───── Task input ─────

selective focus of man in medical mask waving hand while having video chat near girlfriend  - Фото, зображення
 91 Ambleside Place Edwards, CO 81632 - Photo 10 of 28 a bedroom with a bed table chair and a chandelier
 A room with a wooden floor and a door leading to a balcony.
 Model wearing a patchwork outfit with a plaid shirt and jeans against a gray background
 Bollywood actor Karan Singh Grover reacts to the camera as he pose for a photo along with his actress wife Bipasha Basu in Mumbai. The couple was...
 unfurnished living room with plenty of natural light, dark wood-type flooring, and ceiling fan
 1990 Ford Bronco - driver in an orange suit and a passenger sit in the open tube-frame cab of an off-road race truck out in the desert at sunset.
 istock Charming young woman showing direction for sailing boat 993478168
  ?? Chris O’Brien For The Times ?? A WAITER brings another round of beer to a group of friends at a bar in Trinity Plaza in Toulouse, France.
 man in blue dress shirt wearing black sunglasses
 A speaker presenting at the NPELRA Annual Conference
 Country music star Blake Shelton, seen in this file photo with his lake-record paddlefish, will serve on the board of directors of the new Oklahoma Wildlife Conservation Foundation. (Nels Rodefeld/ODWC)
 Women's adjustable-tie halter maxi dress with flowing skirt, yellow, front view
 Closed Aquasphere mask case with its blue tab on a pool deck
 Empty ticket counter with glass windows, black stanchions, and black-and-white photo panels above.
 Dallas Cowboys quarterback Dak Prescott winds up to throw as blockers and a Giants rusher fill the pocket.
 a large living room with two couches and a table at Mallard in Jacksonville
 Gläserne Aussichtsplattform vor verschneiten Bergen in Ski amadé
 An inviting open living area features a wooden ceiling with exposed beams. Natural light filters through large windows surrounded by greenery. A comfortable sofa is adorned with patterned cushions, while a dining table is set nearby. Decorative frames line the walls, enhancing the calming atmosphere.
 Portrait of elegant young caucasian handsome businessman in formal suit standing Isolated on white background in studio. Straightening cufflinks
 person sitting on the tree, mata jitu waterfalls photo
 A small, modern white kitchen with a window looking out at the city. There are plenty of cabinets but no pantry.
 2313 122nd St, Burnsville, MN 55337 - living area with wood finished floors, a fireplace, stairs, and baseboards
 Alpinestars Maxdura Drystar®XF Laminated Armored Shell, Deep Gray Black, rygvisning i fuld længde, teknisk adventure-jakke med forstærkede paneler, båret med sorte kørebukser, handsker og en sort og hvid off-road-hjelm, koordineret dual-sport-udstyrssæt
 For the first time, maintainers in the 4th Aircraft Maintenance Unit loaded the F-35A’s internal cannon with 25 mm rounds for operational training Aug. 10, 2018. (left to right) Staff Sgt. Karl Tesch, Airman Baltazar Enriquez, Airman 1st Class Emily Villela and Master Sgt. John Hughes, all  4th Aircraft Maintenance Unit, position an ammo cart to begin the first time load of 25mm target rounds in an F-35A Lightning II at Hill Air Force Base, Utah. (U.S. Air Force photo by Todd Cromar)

─────

**About this exercise**:
Taking the line with "A speaker presenting" as the first and the line with "2313 122nd St, Burnsville, MN" as the last, retype that stretch of the data above exactly, with no other lines.

**Finished task**:
 A speaker presenting at the NPELRA Annual Conference
 Country music star Blake Shelton, seen in this file photo with his lake-record paddlefish, will serve on the board of directors of the new Oklahoma Wildlife Conservation Foundation. (Nels Rodefeld/ODWC)
 Women's adjustable-tie halter maxi dress with flowing skirt, yellow, front view
 Closed Aquasphere mask case with its blue tab on a pool deck
 Empty ticket counter with glass windows, black stanchions, and black-and-white photo panels above.
 Dallas Cowboys quarterback Dak Prescott winds up to throw as blockers and a Giants rusher fill the pocket.
 a large living room with two couches and a table at Mallard in Jacksonville
 Gläserne Aussichtsplattform vor verschneiten Bergen in Ski amadé
 An inviting open living area features a wooden ceiling with exposed beams. Natural light filters through large windows surrounded by greenery. A comfortable sofa is adorned with patterned cushions, while a dining table is set nearby. Decorative frames line the walls, enhancing the calming atmosphere.
 Portrait of elegant young caucasian handsome businessman in formal suit standing Isolated on white background in studio. Straightening cufflinks
 person sitting on the tree, mata jitu waterfalls photo
 A small, modern white kitchen with a window looking out at the city. There are plenty of cabinets but no pantry.
 2313 122nd St, Burnsville, MN 55337 - living area with wood finished floors, a fireplace, stairs, and baseboards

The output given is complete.